Since last night, I've been brainstorming and reaching out to people in my network who might be interested in contributing to this idea.  We already know it's going to be a high capital, IT-heavy venture, so I made sure to emphasize that without discouraging them.  There are similar business models in existence in the United States, but they have some glaring flaws when it comes to dealing with international customers. Paul thinks there's a void there and power abhors a vacuum.

We're going to do some research and start pounding out a business plan so we have a better sense of what we're getting into. It's not enough to know that we need a lot of money; we need to know where it's going. I'm excited about this project because it sure beats sending out resumes and getting zero interest.

I'm not as freaked out about being unemployed as I was the last time I lost my job. I think it's because I have a better understanding of what I want to get out of life in general. Or more specifically, I know exactly what I don't want out of life and that's working behind a desk all day, vying for promotions, and hoping the money they give me quells the voice in my head that tells me how disappointed I am for not having contributed one iota to society.

My last boss was an overweight paranoid cokehead in her mid-forties. Everyday, she schemed and pointed her fat finger at anyone who challenged her authority. The executives were a bunch of bean counters with little appreciation for the creative process and ordained her as their dowsing rod to find profitable projects (from what I hear, no success yet).

After that experience, I've determined it's better to get by on rice and beans than support egomaniacs.  Ah, true communist at heart.
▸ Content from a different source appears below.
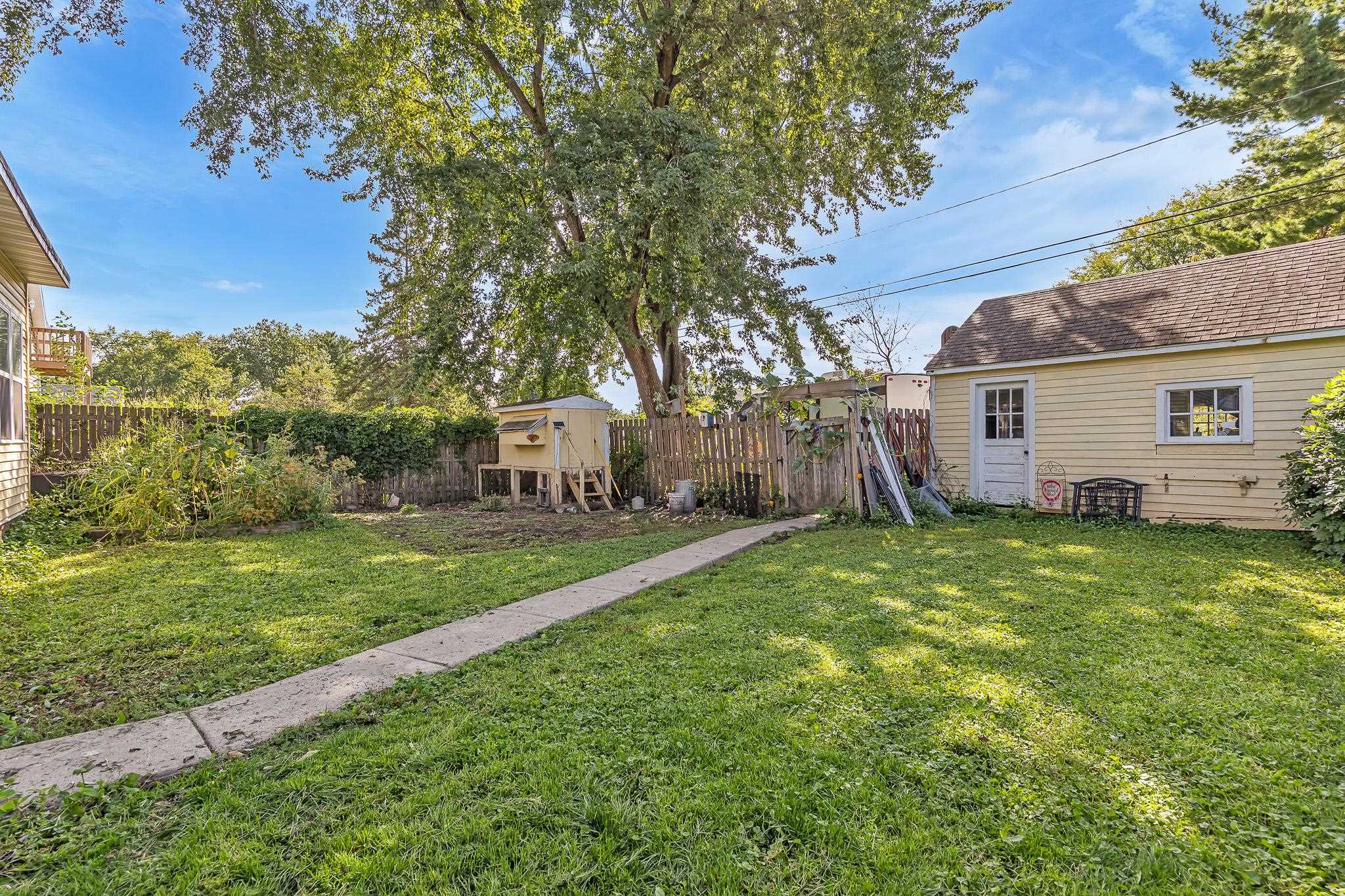 512 10th Street Baraboo, WI 53913 - Photo 24 of 29 Gallery Image 24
If only that utopian ideal had prospered rather than have collapsed under the weight of its ineptitude.

Correction: I believe in the free market, but having seen so many banking scandals (including the newly unveiled Libor affair) and the subsequent complacency of politicians (they only do something when citizens throw enough of a fit), I realize not even capitalists believe in free market capitalism. That would mean too much risk. Instead, to quote a commenter at the New York Times, "It's command-and-control socialism for the wealthy, cut-throat capitalism for everyone else." Amen.

Saturday, July 07, 2012

This is screwed up!

So, I am a little obsessed with Rocco Luka Magnotta right now, not only because my media friends in Montreal are in a total tizzy over his story since he's, like, batshit crazy and his alleged lover/victim was a student at my alma mater and it's been picked up by the Chinese community.

Okay, those are pretty good reasons because I love a good scandal (especially one to which I have a tentative link, however remote). 
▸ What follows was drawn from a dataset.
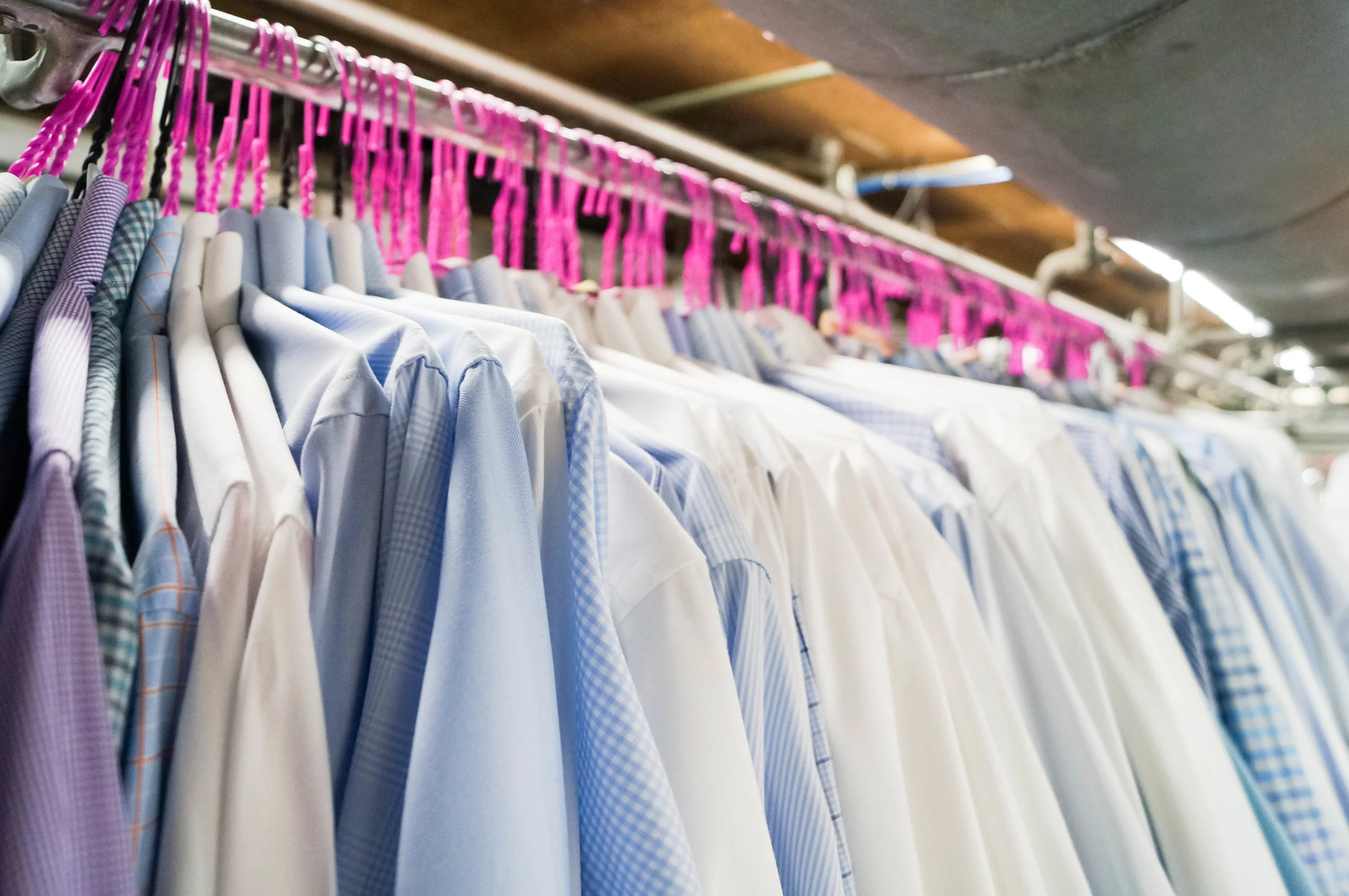 HollysCleaners-Shirts2.jpg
But I discovered today, right before going to watch a matinee showing of Magic Mike*, that my friend - sitting a short distance from me, sharing spoonfuls of her Jamaican peas and rice, looking at me with her big Persian doe eyes - had gone to high school with this now-infamous killer.

As I described to one of my other friends: "She said they used to smoke up together, he came from a fucked up family with a dirty ass house, then he moved away and went gay for pay."

Somewhere, somehow, something went wrong 'cause you don't start killing kittens and dismembering guys you meet online unless someone convinced you to stop giving a fuck about LIFE.

Also, a month ago, I discovered my cousin's high school boyfriend was murdered and they found his decomposed remains 11 months later on the side of a road north of the city. 

I was like, "Holy shit! How'd that happen?!" 

Details were not forthcoming. Apparently, three of his friends went missing a week after his body was discovered. They weren't suspects, so they didn't have a motive to run, unless ... they knew too much.

Damn! They don't make 17-year-old Chinese kids like they used to.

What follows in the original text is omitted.